(Captioned web images)
________

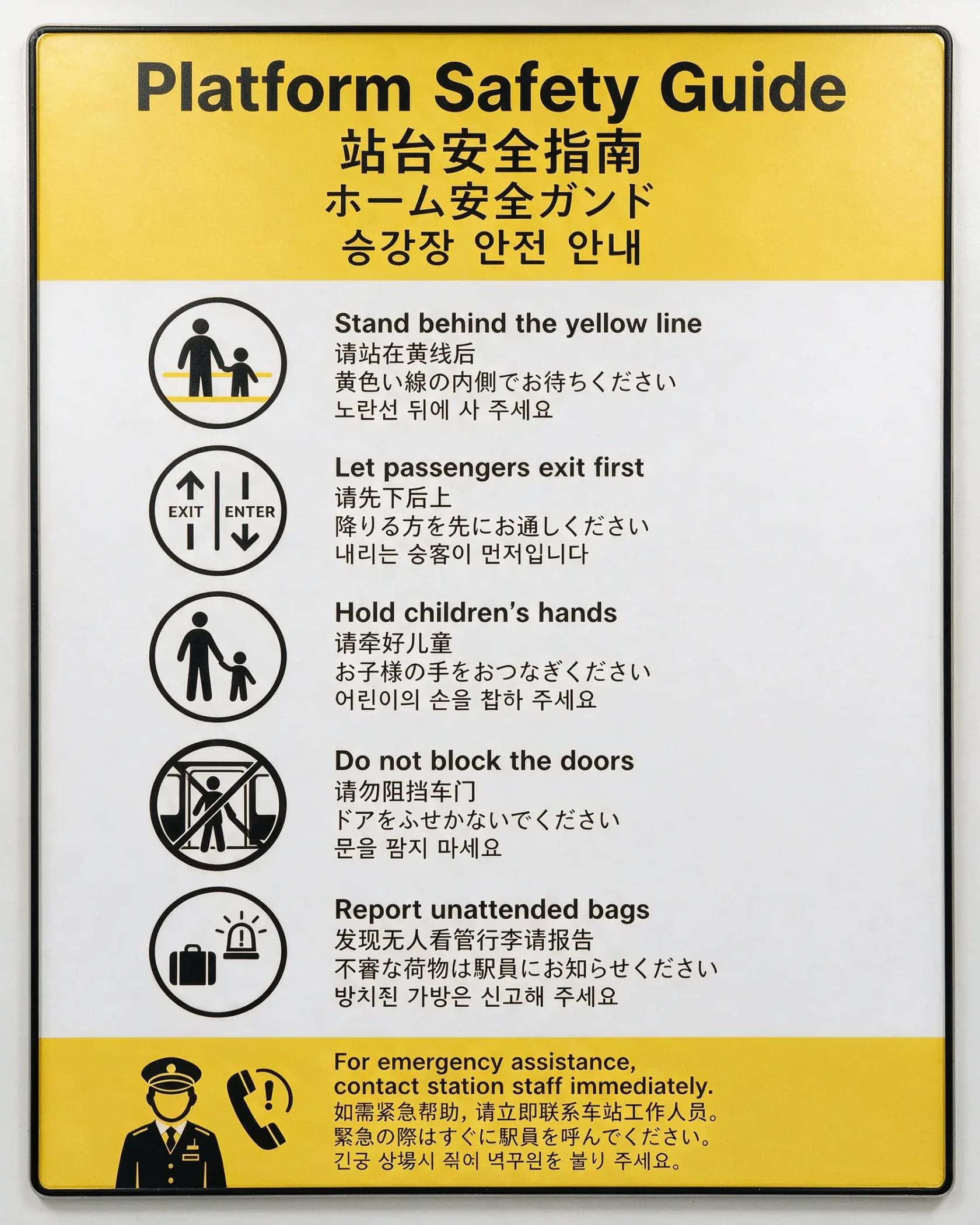 A Seedream 5.0 Pro sample generating native, in-image text and layout for an educational poster, as taken from Seedream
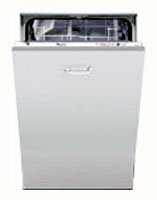 Ricambi e accessori Lavastoviglie Whirlpool ADG 758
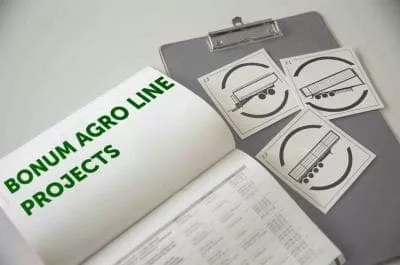 Завод BONUM презентует выпуск трех новых моделей направления Agro Line Завод BONUM презентует выпуск трех новых моделей направления Agro Line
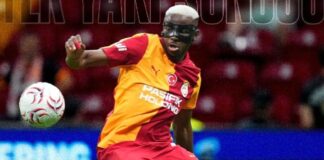 Superanfallaren Osimhen kommer äntligen att glänsa i Premier League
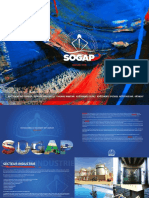 Brochure Sogap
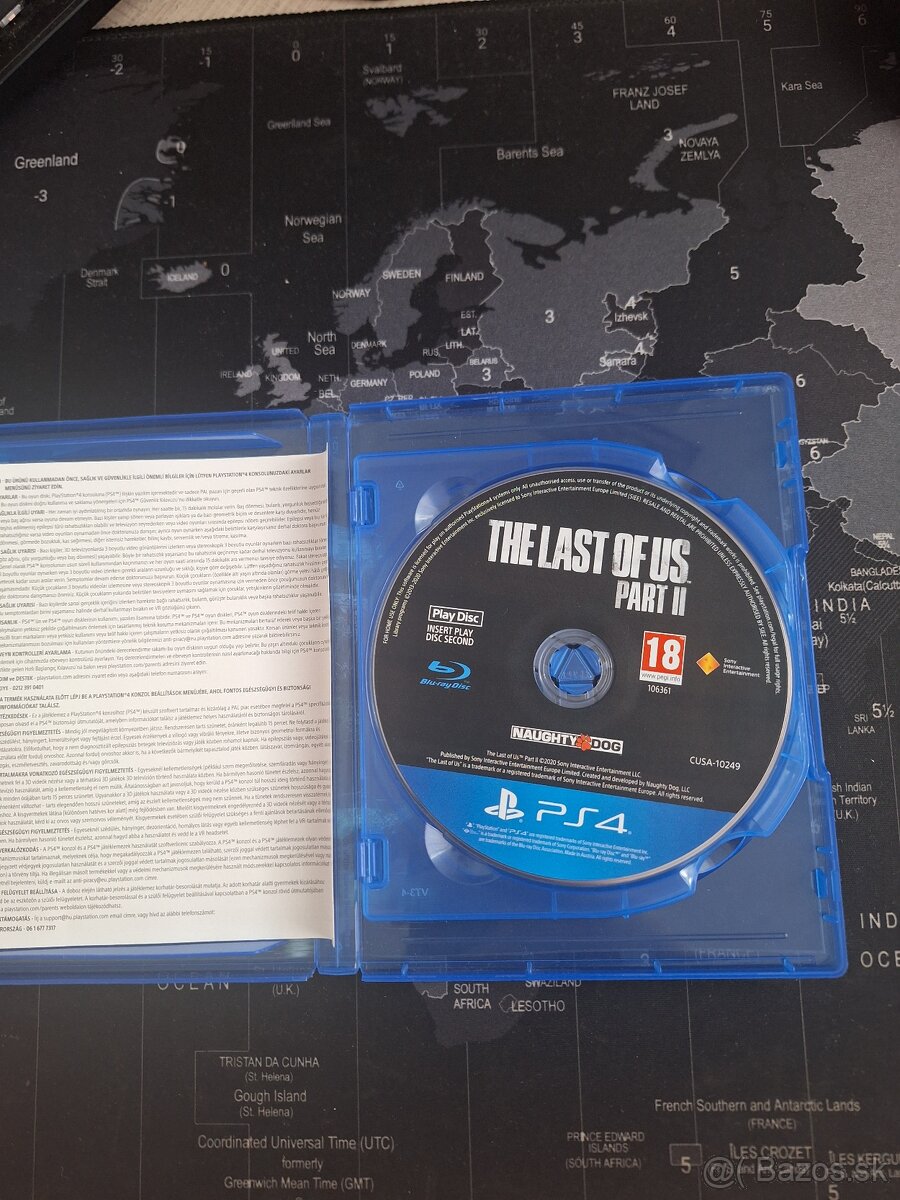 The last of us 2 - 2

________

ACTIVITY
Output the entries verbatim, skipping images.

YOUR RESPONSE
 A Seedream 5.0 Pro sample generating native, in-image text and layout for an educational poster, as taken from Seedream
 Ricambi e accessori Lavastoviglie Whirlpool ADG 758
 Завод BONUM презентует выпуск трех новых моделей направления Agro Line Завод BONUM презентует выпуск трех новых моделей направления Agro Line
 Superanfallaren Osimhen kommer äntligen att glänsa i Premier League
 Brochure Sogap
 The last of us 2 - 2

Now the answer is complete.